# Preposition w + genitive case



## Kudasai

Hi,

I'm currently looking at this sentence:

W pewnym momencie Marcin P. przemienił się z drobnego krętacza w wielkiego oszusta.

I understand what the sentence means. However, I'm not sure about the use of the preposition w in the last part. 'Wielkiego oszusta' is clearly genitive case, but according to my grammar, the preposition w should only take either the accusative or locative case. So how come the genitive case is used here?

Thanks!


----------



## Ben Jamin

What makes you think it is "clearly genitive case"? It is actually the accusative case.
The genitive case of masculine animate nouns has the same form as the accusative.
If you change the gender of the expression to feminine it will be "wielką oszustkę" (undoubtedly accusative).
In the case of a masculine inanimate noun the accusative is equal to the nominative: "zamienił się w kamień" (he turned into stone). The same is true of neuter nouns form: accusative=nominative.


----------



## Kudasai

Hi Ben,

thanks for the superquick reply, you're right of course, I misinterpreted the case as genitive. All is well again in my grammar world.


----------



## Ben Jamin

Kudasai said:


> Hi Ben,
> 
> thanks for the superquick reply, you're right of course, I misinterpreted the case as genitive. All is well again in my grammar world.

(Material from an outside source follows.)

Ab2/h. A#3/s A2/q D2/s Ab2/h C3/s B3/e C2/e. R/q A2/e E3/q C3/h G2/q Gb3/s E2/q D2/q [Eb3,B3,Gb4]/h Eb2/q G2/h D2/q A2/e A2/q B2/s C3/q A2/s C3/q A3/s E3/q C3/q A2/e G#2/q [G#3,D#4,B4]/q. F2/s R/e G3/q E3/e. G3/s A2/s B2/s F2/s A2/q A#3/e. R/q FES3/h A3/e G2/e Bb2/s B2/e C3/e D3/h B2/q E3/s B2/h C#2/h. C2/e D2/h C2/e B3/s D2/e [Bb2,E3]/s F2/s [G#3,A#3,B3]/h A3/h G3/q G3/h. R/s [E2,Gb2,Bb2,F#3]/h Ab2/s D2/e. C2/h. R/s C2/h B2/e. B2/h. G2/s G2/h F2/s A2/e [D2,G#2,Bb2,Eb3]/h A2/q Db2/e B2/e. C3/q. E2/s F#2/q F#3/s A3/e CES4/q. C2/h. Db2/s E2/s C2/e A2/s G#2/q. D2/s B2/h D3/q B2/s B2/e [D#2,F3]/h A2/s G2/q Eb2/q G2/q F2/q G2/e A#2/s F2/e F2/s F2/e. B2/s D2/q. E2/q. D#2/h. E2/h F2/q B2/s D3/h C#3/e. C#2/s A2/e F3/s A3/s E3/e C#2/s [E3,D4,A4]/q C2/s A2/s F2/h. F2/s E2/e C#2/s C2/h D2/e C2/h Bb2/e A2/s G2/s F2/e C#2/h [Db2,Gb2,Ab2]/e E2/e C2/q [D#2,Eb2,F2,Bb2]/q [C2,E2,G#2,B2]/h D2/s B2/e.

Remember that the preposition "w" takes accusative only in case of movement towards or through or in the case of transformation. For stationary location "w" is used with the locative.


----------



## bibax

And especially: *wierzę w Boga* (acc. like in Latin: credo in Deum), *w człowieka, w miłość, w zwycięstwo*, ...


----------



## Ben Jamin

bibax said:


> And especially: *wierzę w Boga* (acc. like in Latin: credo in Deum), *w człowieka, w miłość, w zwycięstwo*, ...


Which are all in accusative. What is special with those words?


----------



## bibax

You wrote _"the preposition "w" takes accusative *only* in case of movement towards or through or in the case of transformation"_.

In the phrase _"wierzę w ..."_ I see neither movement (like in _"słońce wchodzi *w znak* zodiaku Barana"_), nor transformation (like in _"zamienił się *w kamień*_").

You must admit that there are some special cases (exceptions to your rule) and _"wierzyć w kogo/co"_ is a prominent example.


----------



## Ben Jamin

bibax said:


> You wrote _"the preposition "w" takes accusative *only* in case of movement towards or through or in the case of transformation"_.
> 
> In the phrase _"wierzę w ..."_ I see neither movement (like in _"słońce wchodzi *w znak* zodiaku Barana"_), nor transformation (like in _"zamienił się *w kamień*_").
> 
> You must admit that there are some special cases (exceptions to your rule) and _"wierzyć w kogo/co"_ is a prominent example.


The "only" restriction was meant for physical location/movement, not for other uses of the preposition.


----------